Materials Science Research Lecture
NOTE: At this time, in-person Materials Research Lectures are open to all Caltech students/staff/faculty/visitors with a valid Caltech ID. Outside community members are welcome to join our online webinar.
Webinar ID: 832 7665 2110
Magnetic states defined by intrinsic quantum disorder are a long-standing fascination in condensed matter physics due to their potential to harbor unique, nonlocal forms of order and emergent symmetries. Various types of quantum spin liquid states are predicted to arise in geometrically frustrated magnets when decorated with quantum spins, and there has been a recent resurgence in identifying these states in canonical triangular lattice antiferromagnets. Specifically, for moments whose spin state becomes entangled with the orbital degree of freedom, native spin liquid-like states arise, contrary to long-held predictions of conventional order in the spin-only quantum limit. Here I will present some of our recent work exploring quantum disorder within the magnetism of triangular lattice delafossite-like compounds of the form AMO2 (A=alkali ion, M=metal ion).
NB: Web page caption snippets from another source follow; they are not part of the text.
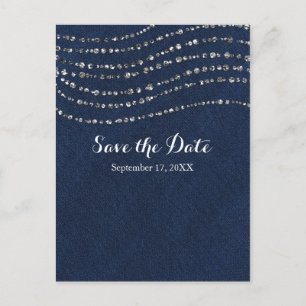 Blue Denim & Diamonds Sparkle Bling Save The Date Announcement Postcard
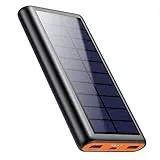 QTshine Power Bank Solare 26800mAh, Caricabatterie Solare Portatile Power Pack, Caricatore Solare Batteria Esterna 2 Porte 3.1A Ricarica Rapida per Cellulare Tablets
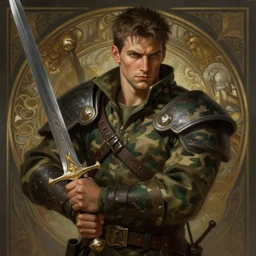 a portrait of a male warrior, wearing camouflage, holding a sword, deep focus, d & d, fantasy, intricate, elegant, highly detailed, digital painting, artstation, concept art, matte, sharp focus, illustration, hearthstone, art by artgerm and greg rutkowski and alphonse mucha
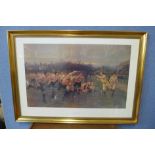 Two sporting prints, The Golfers by Charles Lees and The Rugby Match by William Barns Wootten,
When the M-site is chosen to host a spin-orbit entangled wavefunction with Jeff=1/2, highly unconventional magnetic ground states arise that lack long-range order or static moment freezing. I will present an overview of several materials that host this behavior and hopefully motivate future exploration of the fascinating magnetism that arises in these materials platforms.
More about the Speaker:
Stephen Wilson received his Ph.D. in Physics from the University of Tennessee in 2007 and then worked as a postdoc in the Materials Science Division at Lawrence Berkeley National Lab through 2009. He served on the faculty of the Physics Department at Boston College from 2010-2014, after which he joined the faculty of the Materials Department at UC Santa Barbara. He is currently serving as Professor and Associate Chair of Materials at UCSB where he also co-directs the NSF's Quantum Foundry. Stephen's research program focuses on the synthesis and advanced characterization of novel quantum materials, ranging from unconventional superconductors to quantum magnets.